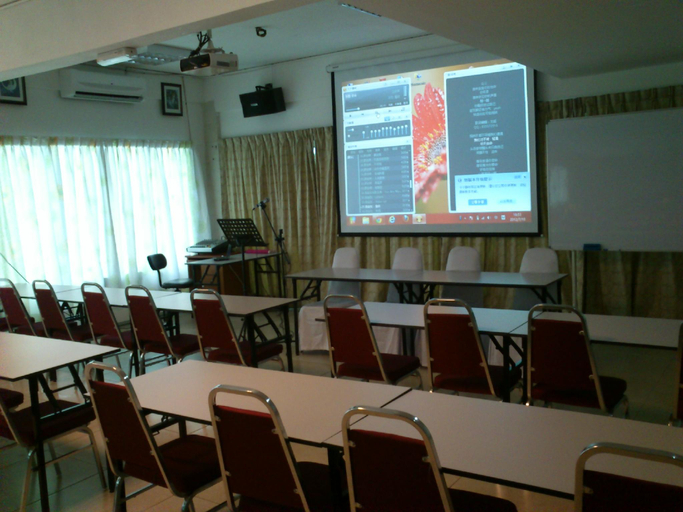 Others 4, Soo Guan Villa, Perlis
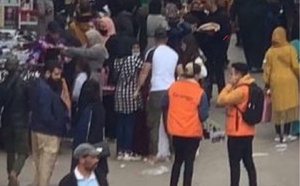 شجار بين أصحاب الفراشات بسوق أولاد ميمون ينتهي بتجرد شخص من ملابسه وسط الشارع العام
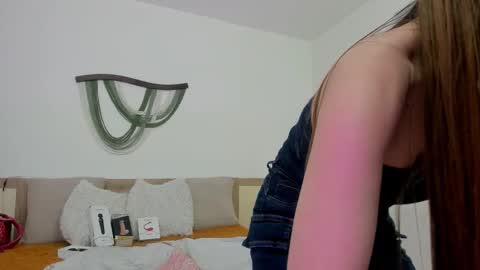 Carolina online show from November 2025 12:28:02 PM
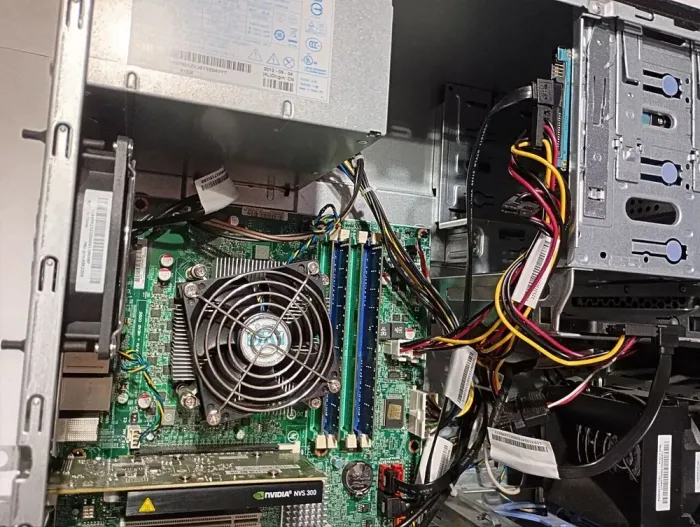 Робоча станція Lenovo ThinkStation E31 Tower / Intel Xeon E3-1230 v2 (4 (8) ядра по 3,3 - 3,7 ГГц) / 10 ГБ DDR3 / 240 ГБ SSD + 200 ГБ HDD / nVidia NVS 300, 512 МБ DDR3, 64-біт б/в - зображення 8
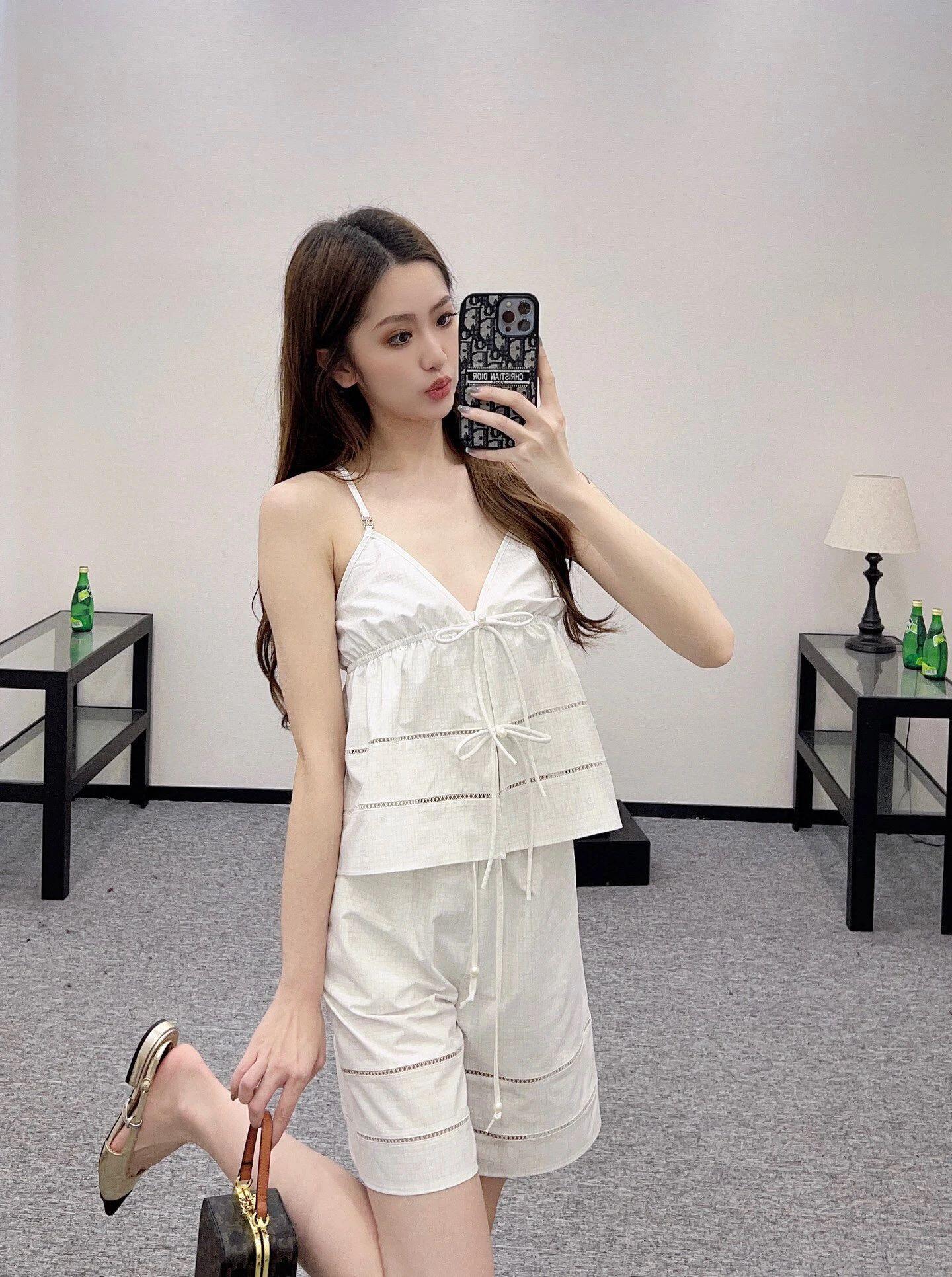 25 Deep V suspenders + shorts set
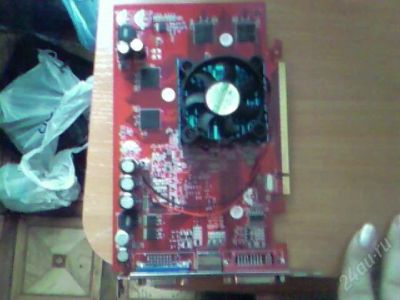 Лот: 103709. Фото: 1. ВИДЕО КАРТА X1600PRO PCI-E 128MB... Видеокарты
---+---
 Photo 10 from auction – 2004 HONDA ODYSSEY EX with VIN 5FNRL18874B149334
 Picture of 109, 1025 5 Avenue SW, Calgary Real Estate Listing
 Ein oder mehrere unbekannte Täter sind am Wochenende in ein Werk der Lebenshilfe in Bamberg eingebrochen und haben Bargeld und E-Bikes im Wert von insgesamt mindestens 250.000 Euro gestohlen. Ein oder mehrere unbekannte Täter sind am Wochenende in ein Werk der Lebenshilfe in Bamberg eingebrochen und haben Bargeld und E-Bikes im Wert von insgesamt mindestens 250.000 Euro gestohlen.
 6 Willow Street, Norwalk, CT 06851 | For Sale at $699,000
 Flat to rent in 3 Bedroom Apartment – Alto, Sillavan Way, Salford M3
---+---
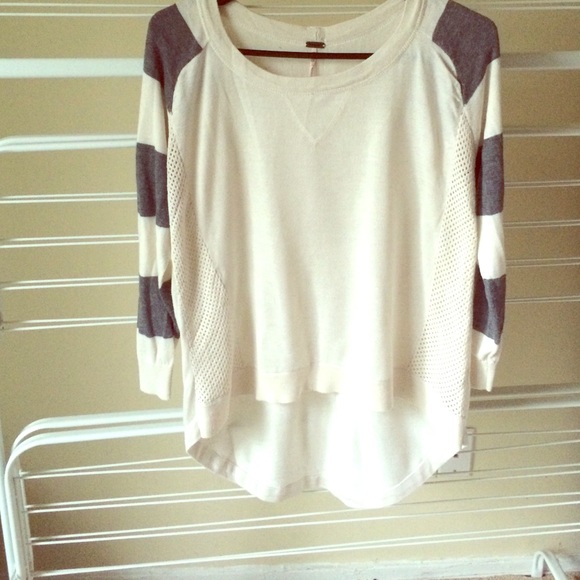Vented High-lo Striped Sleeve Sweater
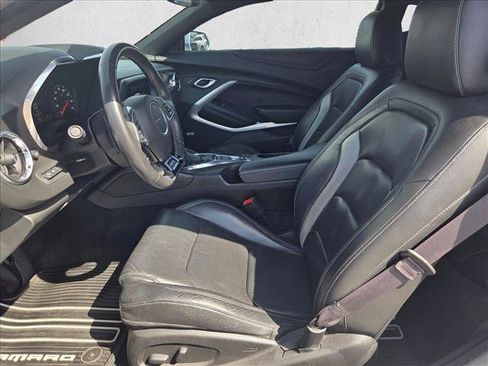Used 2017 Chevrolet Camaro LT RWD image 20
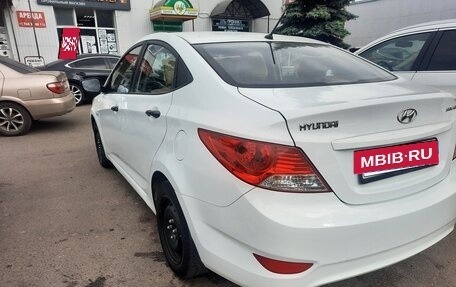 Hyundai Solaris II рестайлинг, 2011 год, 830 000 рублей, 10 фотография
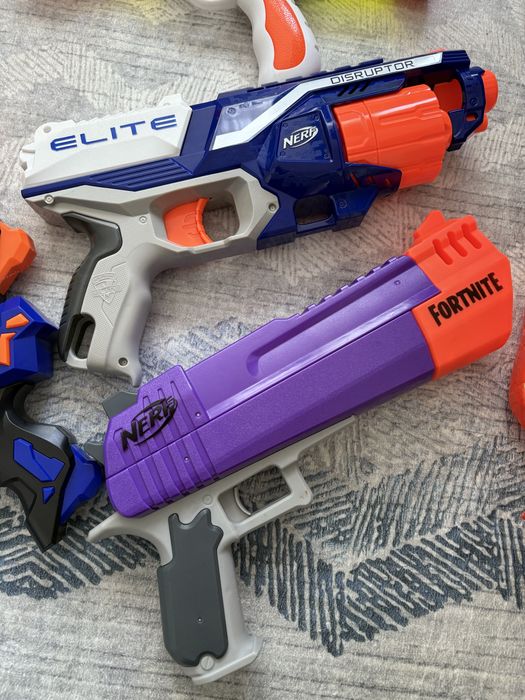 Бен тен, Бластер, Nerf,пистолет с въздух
---+---
▶ [REQUIRED WORK] Copy back exactly the lines above from the one containing "شجار بين أصحاب" through the one containing "Лот: 103709. Фото: 1.", and leave every picture behind.

▶ [SOLUTION TO THIS EXERCISE]
 شجار بين أصحاب الفراشات بسوق أولاد ميمون ينتهي بتجرد شخص من ملابسه وسط الشارع العام
 Carolina online show from November 2025 12:28:02 PM
 Робоча станція Lenovo ThinkStation E31 Tower / Intel Xeon E3-1230 v2 (4 (8) ядра по 3,3 - 3,7 ГГц) / 10 ГБ DDR3 / 240 ГБ SSD + 200 ГБ HDD / nVidia NVS 300, 512 МБ DDR3, 64-біт б/в - зображення 8
 25 Deep V suspenders + shorts set
 Лот: 103709. Фото: 1. ВИДЕО КАРТА X1600PRO PCI-E 128MB... Видеокарты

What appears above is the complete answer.